ホセ・クーラは1991年にイタリアに移住し、歌手として国際的な活動を開始してから、すでに25年以上のキャリアをもっています。
ところがクーラについては、なぜか、「発声に問題がある」「声を壊した」などのネガティブ評価が、明確な根拠も示さないままに今も広がっているように思います。

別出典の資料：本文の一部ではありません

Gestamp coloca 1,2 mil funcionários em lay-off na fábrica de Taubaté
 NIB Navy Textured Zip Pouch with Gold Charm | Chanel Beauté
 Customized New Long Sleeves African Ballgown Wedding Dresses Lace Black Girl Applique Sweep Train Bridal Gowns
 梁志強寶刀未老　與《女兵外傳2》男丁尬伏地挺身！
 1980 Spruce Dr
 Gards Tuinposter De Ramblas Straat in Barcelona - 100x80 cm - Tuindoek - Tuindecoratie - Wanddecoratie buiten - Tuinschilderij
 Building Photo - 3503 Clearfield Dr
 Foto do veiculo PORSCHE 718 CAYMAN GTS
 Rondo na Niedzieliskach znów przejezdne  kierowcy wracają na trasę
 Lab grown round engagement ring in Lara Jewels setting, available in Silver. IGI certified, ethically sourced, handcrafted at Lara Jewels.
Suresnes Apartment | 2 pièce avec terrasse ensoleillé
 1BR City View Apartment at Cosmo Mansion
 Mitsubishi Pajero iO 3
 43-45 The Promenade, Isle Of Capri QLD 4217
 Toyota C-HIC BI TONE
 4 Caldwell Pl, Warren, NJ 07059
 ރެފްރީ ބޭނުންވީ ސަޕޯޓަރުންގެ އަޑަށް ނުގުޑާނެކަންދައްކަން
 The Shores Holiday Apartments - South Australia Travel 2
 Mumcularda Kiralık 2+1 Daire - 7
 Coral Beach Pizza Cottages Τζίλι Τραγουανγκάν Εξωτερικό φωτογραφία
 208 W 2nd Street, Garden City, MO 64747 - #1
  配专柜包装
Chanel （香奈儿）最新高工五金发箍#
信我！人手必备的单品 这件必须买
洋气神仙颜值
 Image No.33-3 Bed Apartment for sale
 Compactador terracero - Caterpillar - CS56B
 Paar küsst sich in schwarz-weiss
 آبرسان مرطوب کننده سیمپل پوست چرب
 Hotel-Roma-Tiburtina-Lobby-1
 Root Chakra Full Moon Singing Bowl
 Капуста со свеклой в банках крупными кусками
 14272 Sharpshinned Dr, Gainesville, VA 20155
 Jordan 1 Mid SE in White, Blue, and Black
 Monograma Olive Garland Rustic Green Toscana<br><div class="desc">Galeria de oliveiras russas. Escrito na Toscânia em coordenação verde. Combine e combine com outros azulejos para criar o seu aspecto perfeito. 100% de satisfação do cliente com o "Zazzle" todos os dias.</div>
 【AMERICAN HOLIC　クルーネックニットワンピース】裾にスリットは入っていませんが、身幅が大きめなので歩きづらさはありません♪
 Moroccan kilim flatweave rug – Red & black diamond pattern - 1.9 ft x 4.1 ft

これに関して、最近、おもしろい会話をみつけました。イタリアの音楽評論家たちがクーラについておしゃべりしていたものです。


    *  *  *  *

A氏 「専門家は“あんな歌い方ではすぐ壊れる”と世界に向かって言ってたけれど、クーラは55歳(今年12月で)、少なくとも25年歌っている」
 
B氏 「この前聞いたオテロは、16年前より上手だった」  

A氏 「実際、素晴らしいことに、声と高音はまだ20年前と変わらない。あなたにとっては喜ばしいことではないかもしれないが、それは発声技術の教師を否定するものだ」

B氏 「彼の声はオーケストラを超えてくる」

A氏 「クーラは個性を持っている。その分野にライバルは多くない」

C氏 「でも彼に対する酷いレビューをたくさん読んだ」

A氏 「そう、イタリアのオペラ愛好家は常に、楽曲の絶対的な法則を守らないといけないと思っているからだ。とにかくクーラは、とても、とても破格だ」

B氏 「確かに。実際に自分も、大げさだったり、疑わしい批評をよくみる」


    *  *  *  *


たったこれだけですが、クーラがかつての専門家の評価に反して、歌い続けることができているばかりか、声を維持し、歌唱面でも進化していること、そして何よりも、強烈な個性をもち、ある意味では型破りであるが、実力と魅力があることを、こうした音楽評論家の方々も認めているということだと思います。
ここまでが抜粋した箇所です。